If everything is breaking then nothing truly breaks. Memorize that mantra. 

So let’s give “breaking news” that makeover it so deserves. First, a made for TV definition: Breaking news is news that started happening during your newscast, and new elements are continuing to present themselves. You are sharing information that has not made air before in other newscasts. This is information you are gathering, right at that moment. 
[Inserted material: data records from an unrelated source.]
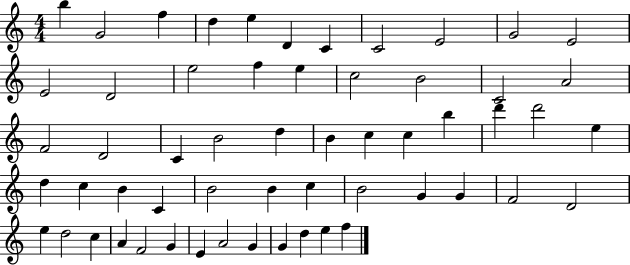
{
  \clef treble
  \numericTimeSignature
  \time 4/4
  \key c \major
  b''4 g'2 f''4 | d''4 e''4 d'4 c'4 | c'2 e'2 | g'2 e'2 | \break e'2 d'2 | e''2 f''4 e''4 | c''2 b'2 | c'2 a'2 | \break f'2 d'2 | c'4 b'2 d''4 | b'4 c''4 c''4 b''4 | d'''4 d'''2 e''4 | \break d''4 c''4 b'4 c'4 | b'2 b'4 c''4 | b'2 g'4 g'4 | f'2 d'2 | \break e''4 d''2 c''4 | a'4 f'2 g'4 | e'4 a'2 g'4 | g'4 d''4 e''4 f''4 | \break \bar "|."
}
So if a newsworthy event happened two hours before your show, then ended before your show is it breaking? NO. It was breaking for digital two hours ago if you have a kick butt team in that section of your newsroom. But for TV, no. Instead think: latest developments. The story is new since the last newscast, and the goal is to continue to expand on key facts while you are on the air. You are filling in the viewer. It is new, but not breaking.

Is Covid breaking news? There are constant new elements presenting themselves all day each day if you really think about it. I am going to argue, proceed with caution. Breaking news, feels like a gimmick to casual viewers. (The regulars likely tune out the labeling period, still no benefit to you.) So happening right now, or latest update or developing can work in this scenario. Or you could avoid all of these “news branding” phrases and just say what is going on. Viewers still assume you are at least trying to bring them “new” information in a newscast. They give you some points for that effort still. Why not use that to your advantage and save time and energy just telling them the facts without a label at all? In terms of Covid so much is happening, it feels like a tidal wave. The viewers need something to cling on to, perspective. New information isn’t always enough to satisfy audience needs.

Breaking news can have a place in the newscast, but to me it should at least be a strong contender for the cliche list. Avoid. Focus instead on just consistently updating stories, so everything is new. Viewers expect that and frankly many take it for granted. Labeling things new and breaking constantly can shine light on the fact that the rest of your content is likely old. Especially in the digital age. By focusing less on the label, and more on the information itself you will gain more trust with the viewer.